The Rue d’Assas was dreary in a fine drizzling rain. In the Luxembourg Gardens the first young green made a mist upon the trees.

It was only half-past four when Odd reached his accustomed post, but hardly had he taken a turn up and down the street when he saw Hilda come quickly from the Lebon abode. She was fully half-an-hour early, but Odd had merely time to note the fact before seeing in a flash that Hilda was in trouble. She looked, she almost ran toward him; and he met her half-way with outstretched hands.

“O Peter!” It was the first time she had used his name, and Odd’s heart leaped as her hands caught his with a sort of desperate relief. “Come, come,” she said, taking his arm. “Let us go quickly.” Peter’s heart after its leap began to thump fast. The white distress of her face gave him a dizzy shock of anger. What, who had distressed her? He asked the question as they crossed the road and entered the gardens. Tears now streamed down her face.

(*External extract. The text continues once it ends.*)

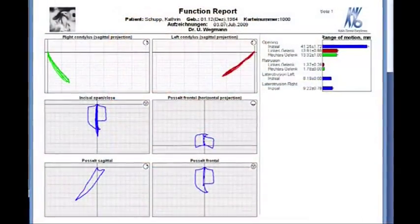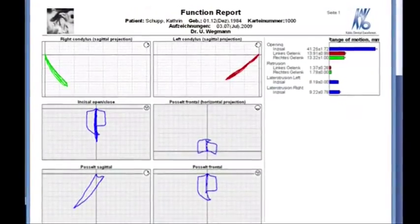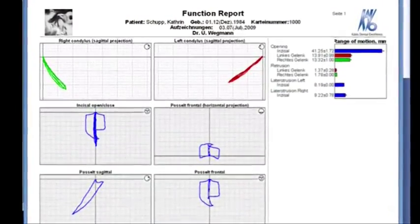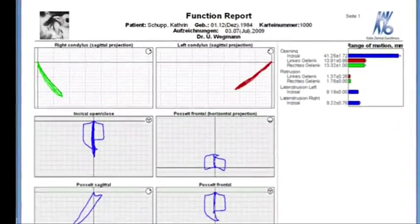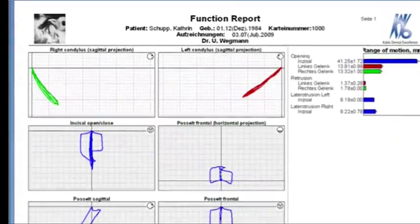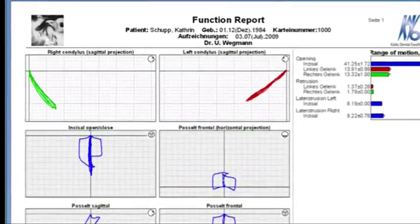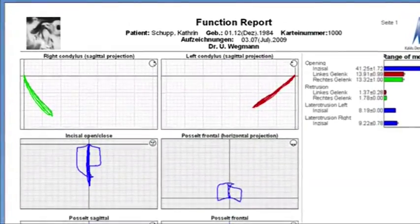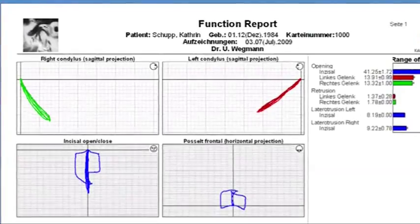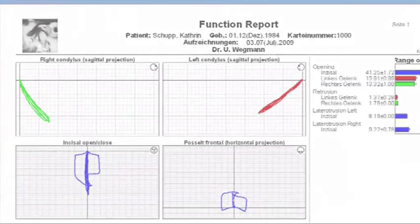Clinical and instrumental functional analysis is the basis of the finding survey. ArcaStigma analyzes and documents all important information in a lucid form.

He had only once before seen Hilda weep, and as she hung shaken with sobs on his arm, the past child, the present Hilda merged into one; his one, his only love.

“Let us walk here, dear,” he said; “you will be quieter.”

The little path down which they turned was empty, and the fine rain enveloped but hardly wet them. They came to a bench under a tree, circled by an unwet area of sanded path. Odd led the weeping girl to it and they sat down. She still held his arm tightly.

“Now, what is it?”

“O Peter! I can hardly tell you! The brother, the horrible brother.”

“Yes?” Peter felt the accumulations of rage that had been gathering for months hurrying forward to spring upon, to pulverize “the brother.”

“He made love to me, said awful things!” Odd whitened to the lips.